As I discuss in this answer, how the Vedas originated is that from time immemorial, sages known as Dṛṣṭas (literally seers) have heard sacred verses (mantras) directly from the gods during a state of Tapasya (deep meditation). And then in the Dvāpara Yuga (the age before the current one), a sage named Kṛṣṇa Dvaipāyana Vedavyāsa (Vyāsa for short) compiled these verses from all those different sages into a coherent work, dividing them into a set of four books we call the Vedas. (Technically Vyāsa only compiled the Rig, Yajus, and Sāma Veda; the Atharvaṇa Veda was compiled by the sages Atharva and Aṅgiras).

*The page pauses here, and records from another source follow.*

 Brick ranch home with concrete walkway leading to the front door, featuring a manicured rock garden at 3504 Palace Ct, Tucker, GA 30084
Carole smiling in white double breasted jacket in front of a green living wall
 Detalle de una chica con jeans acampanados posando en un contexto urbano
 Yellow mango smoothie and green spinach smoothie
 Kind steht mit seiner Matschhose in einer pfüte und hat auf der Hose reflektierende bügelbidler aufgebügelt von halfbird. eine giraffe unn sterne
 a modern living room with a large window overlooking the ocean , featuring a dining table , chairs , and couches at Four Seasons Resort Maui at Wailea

But Vyāsa wasn't the first one to compile and divide the Vedas, and he won't be the last. Vedavyāsa is in fact a title, assigned to a different person in every Dvāpara Yuga, as described by Vyāsa's father Parāśara in the Viṣṇu purāṇa:
Twenty-eight times have the Vedas been arranged by the great Rishis in the Vaivaśvata Manvantara in the Dvāpara age, and consequently eight and twenty Vyāsa have passed away; by whom, in their respective periods, the Veda has been divided into four. In the first Dvāpara age the distribution was made by Svayambhu (Brahma) himself; ... I [Parāśara] was the Vyāsa of the twenty-sixth Dvāpara, and was succeeded by Jaratkāru; the Vyāsa of the twenty-eighth, who followed him, was Kṛṣṇa Dvaipāyana. These are the twenty-eight elder Vyāsas, by whom, in the preceding Dvāpara ages, the Veda has been divided into four. In the next Dvāpara, [Aśvatthāma] Drauṇi (the son of Droṇa) will be the Vyāsa, when my son, the Muni Kṛṣṇa Dvaipāyana, who is the actual Vyāsa, shall cease to be (in that character).

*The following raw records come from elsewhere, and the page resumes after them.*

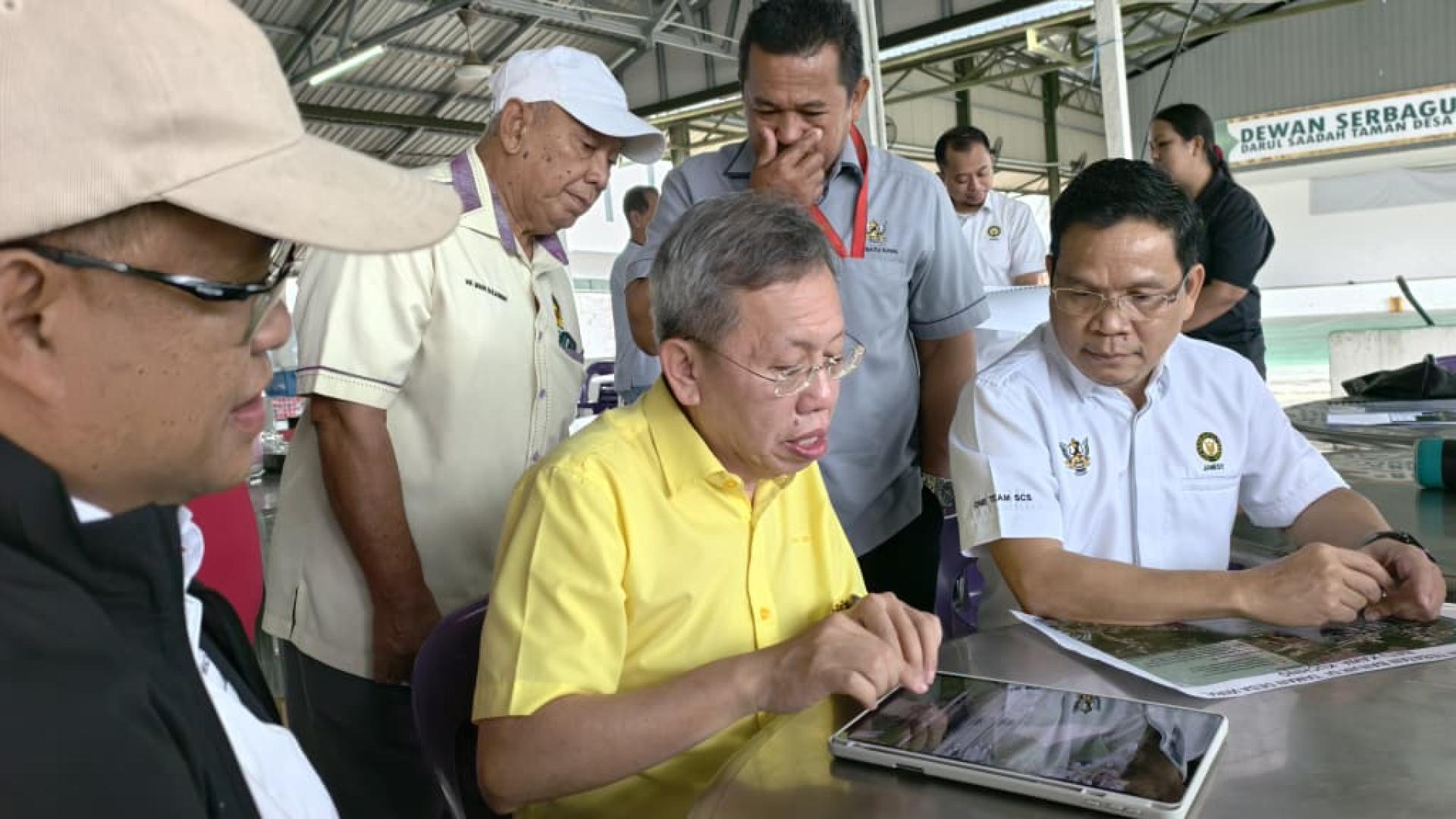 沈桂贤听取砂水利灌溉局官员提呈的工程汇报。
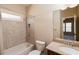 Well-lit bathroom featuring a shower/tub combination and a vanity with granite countertops at 1837 Haven Park Se Cir, Smyrna, GA 30080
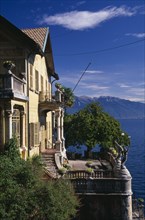 ITALY, Lake Maggiore, Part view of yellow painted exterior facade of villa with stone balustrade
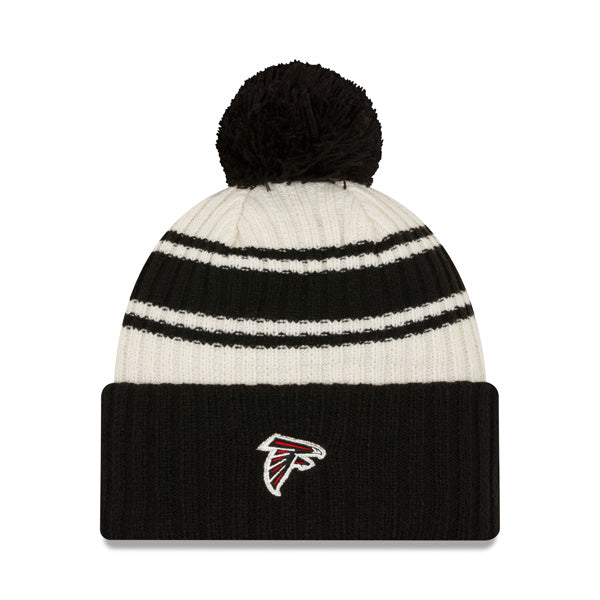 Atlanta Falcons New Era 2022 Sideline Sport Cuffed Pom Knit Hat - Cream/Black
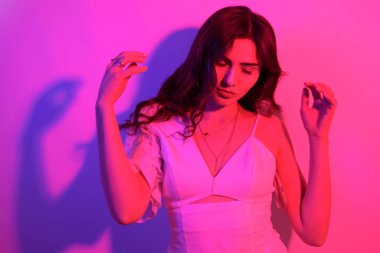 Uzun kıvırcık saçlı, neon rengi dans eden esmer kadın. Profesörü olan bir kız.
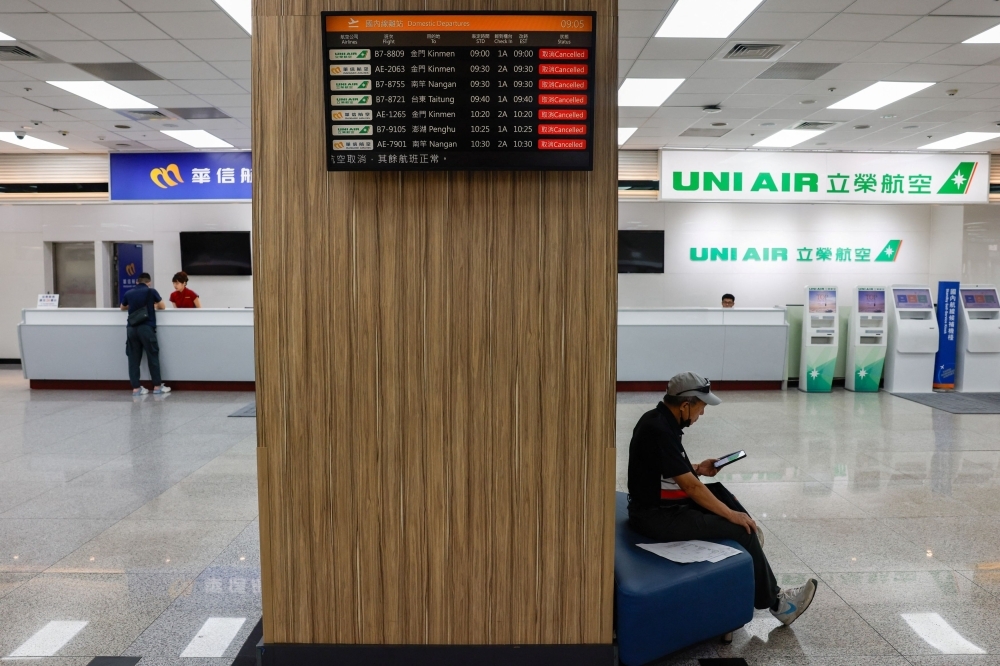 Southern Taiwan shuts down with evacuations and flight cancellations as Typhoon Podul approaches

My question is, why do the Vedas need to be recompiled and redivided in every Dvāpara Yuga? I can understand if the knowledge of the Vedas is lost over the generations as people die, and thus in every Dvāpara Yuga someone needs to go back to all the sages and find out the verses they heard from the gods. But most of the people mentioned in the above quote are Cirañjīvis (immortals), so why doesn't the new Vedavyāsa just ask some previous one for their compiled work?
Vyāsa's father Parāśara is immortal, for instance, so couldn't Vyāsa have just asked his dad for the verses he had compiled two Dvāpara Yugas ago? And Aśvatthāma is immortal (as I discuss in this answer), and he's alive right now, so rather than waiting until the next Dvāpara Yuga, couldn't he just walk into a bookstore tomorrow and buy a copy of Vyāsa's version of the Vedas? Or if there's an issue of all the original Śākhās (recensions) not being included in the books they sell in bookstores, couldn't Aśvatthāma have just gotten the Vedas from Vyāsa himself in the last Dvāpara Yuga, especially considering that he was a student of Vyāsa?

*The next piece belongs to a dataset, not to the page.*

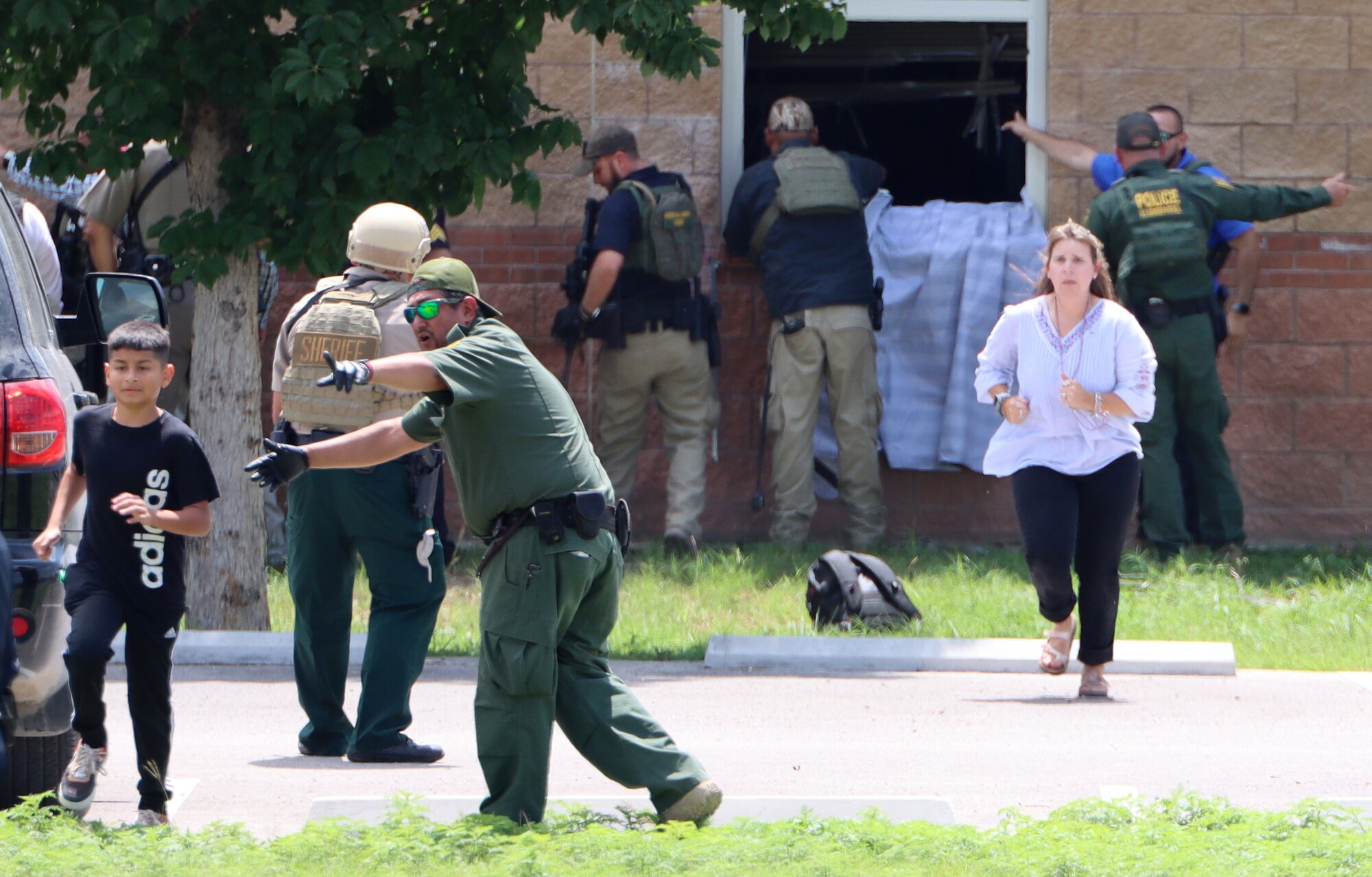 Emergency personnel direct children away from Robb Elementary School on the day of the shooting in Uvalde, Texas.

Is the issue simply that the compiled Vedas grow in size each time, because in the intervening years between Dvāpara Yugas, sages will have heard certain verses from the gods that had never been heard before? Is Vyāsa's version of the Vedas bigger than Parāśara's, and will Aśvatthāma's be even bigger? Are there any scriptures that describe this?